Blanchett takes the plum role of Schlafly, portrayed as a brilliant national defense wonk and conservative author. Schlafly’s efforts to get a seat at the GOP table are thwarted by her sex — until she happens to voice criticism of ERA. This, it seems, turns her into a valuable asset. Capitalizing on this angle, at least according to the series, Schlafly begins a national campaign to defeat the ERA, employing “a woman’s place is in the home” talking points she half-embodies and half-contradicts, all in order to achieve her ambition to political office.
Whether this psychological portrait of Phyllis Schafly is accurate, I cannot say. What I can say is that along with the brilliant acting and the spot-on dialogue, broad assumptions are made about NOW that simply are not true.
A clear demarcation is established between the dowdy yet spunky homemakers and the vital, intelligent feminists. Aside from Friedan’s reluctance to include gay rights in the NOW agenda and Abzug’s willingness to compromise for the sake of incremental political gains, everyone on the feminist side seems to be of one mind. Historically, this was not the case. In fact, at least for a time, a substantial number of NOW members looked much like Schlafly’s homemakers.

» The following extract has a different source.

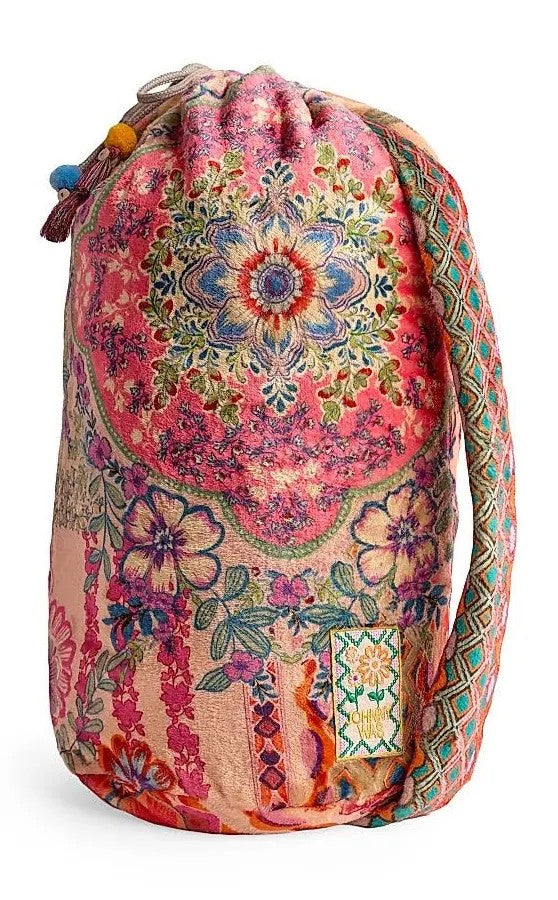 Laurel Cozy Blanket - Tami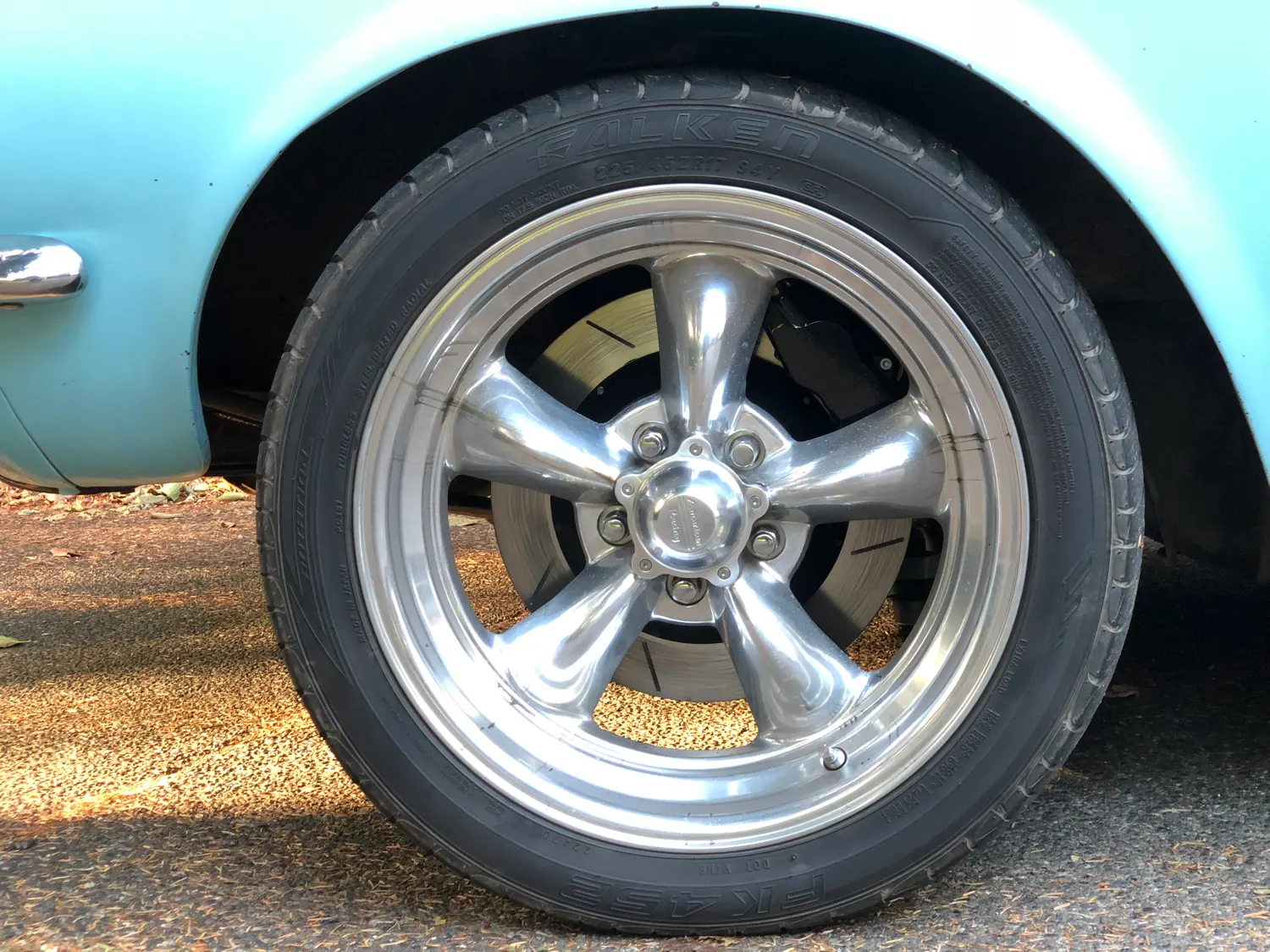 mustang disc brakes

They wanted equal pay for equal work, but they did not want the “right” to murder their children. They wanted a place at the political table for women, but this did not lessen their conviction that the traditional family is the building block of civilization.
When these convictions ran afoul of more radical feminist views — “motherhood is slavery,” etc. — Friedan cast the deciding vote. NOW would never be the same.

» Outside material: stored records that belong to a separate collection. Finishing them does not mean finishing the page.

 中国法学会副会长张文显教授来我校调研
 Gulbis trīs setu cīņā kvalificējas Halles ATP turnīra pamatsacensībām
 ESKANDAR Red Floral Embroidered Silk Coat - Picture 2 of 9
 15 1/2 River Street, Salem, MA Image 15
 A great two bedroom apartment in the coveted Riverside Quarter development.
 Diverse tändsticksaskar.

When the series begins, the year is 1971. Betty Friedan’s tenure as president of NOW is over. The torch has passed to luminaries like Gloria Steinem and Bella Abzug. This is, in a sense, Betty 2.0.
Previously, back in 1963, the Women’s Movement became firmly established with the publication of Friedan’s The Feminine Mystique. The book called attention to deep wells of depression and frustration in women who were by a large margin at that time mothers and homemakers. The source of this depression Friedan called “the problem with no name” or “the feminine mystique.”
Friedan insisted, “The only way for a woman, as for a man, to find herself, to know herself as a person, is by creative work of her own. The problem with no name is simply the fact that American women are kept from growing to their full human capacities.”
This proposed trajectory did not exclude the family or paint her sex’s life-giving potentiality as the central obstacle to her freedom and fulfillment.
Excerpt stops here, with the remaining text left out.